TASK PROMPT — In the entries that follow, the lines from the one with "Honeydew Melon Puns" through the one with "Feasibility study of" are the ones to write out, exactly and with both ends included. Nothing else should appear.

───── THE DATA ─────

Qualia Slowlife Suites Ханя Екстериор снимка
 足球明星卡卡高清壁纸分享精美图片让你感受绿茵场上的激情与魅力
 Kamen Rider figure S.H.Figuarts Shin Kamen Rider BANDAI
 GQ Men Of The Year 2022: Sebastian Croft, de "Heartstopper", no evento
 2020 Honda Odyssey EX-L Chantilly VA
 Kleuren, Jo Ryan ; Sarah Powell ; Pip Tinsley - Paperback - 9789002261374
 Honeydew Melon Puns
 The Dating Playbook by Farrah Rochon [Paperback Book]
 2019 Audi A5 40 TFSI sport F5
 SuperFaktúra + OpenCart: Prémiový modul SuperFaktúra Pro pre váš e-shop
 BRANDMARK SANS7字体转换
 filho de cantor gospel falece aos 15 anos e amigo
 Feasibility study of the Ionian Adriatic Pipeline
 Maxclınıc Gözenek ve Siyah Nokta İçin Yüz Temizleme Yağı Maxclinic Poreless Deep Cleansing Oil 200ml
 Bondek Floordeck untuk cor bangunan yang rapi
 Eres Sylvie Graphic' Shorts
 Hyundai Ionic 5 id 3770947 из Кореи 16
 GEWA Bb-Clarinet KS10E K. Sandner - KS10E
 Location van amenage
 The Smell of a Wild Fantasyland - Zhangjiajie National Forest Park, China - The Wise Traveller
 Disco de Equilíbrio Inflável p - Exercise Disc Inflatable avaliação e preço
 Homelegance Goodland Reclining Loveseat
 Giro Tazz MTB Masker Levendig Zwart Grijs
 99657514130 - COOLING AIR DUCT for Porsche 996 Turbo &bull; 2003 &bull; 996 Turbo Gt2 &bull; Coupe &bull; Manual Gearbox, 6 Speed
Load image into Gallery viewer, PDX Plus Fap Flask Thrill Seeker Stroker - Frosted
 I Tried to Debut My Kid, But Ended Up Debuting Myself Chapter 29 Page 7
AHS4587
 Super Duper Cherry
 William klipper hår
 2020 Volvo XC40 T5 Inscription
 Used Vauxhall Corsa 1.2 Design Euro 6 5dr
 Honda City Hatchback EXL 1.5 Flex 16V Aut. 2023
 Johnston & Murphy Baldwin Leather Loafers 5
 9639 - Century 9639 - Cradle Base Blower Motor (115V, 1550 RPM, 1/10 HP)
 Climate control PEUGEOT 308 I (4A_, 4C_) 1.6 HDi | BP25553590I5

─────

OUTPUT FOR THIS TASK —
 Honeydew Melon Puns
 The Dating Playbook by Farrah Rochon [Paperback Book]
 2019 Audi A5 40 TFSI sport F5
 SuperFaktúra + OpenCart: Prémiový modul SuperFaktúra Pro pre váš e-shop
 BRANDMARK SANS7字体转换
 filho de cantor gospel falece aos 15 anos e amigo
 Feasibility study of the Ionian Adriatic Pipeline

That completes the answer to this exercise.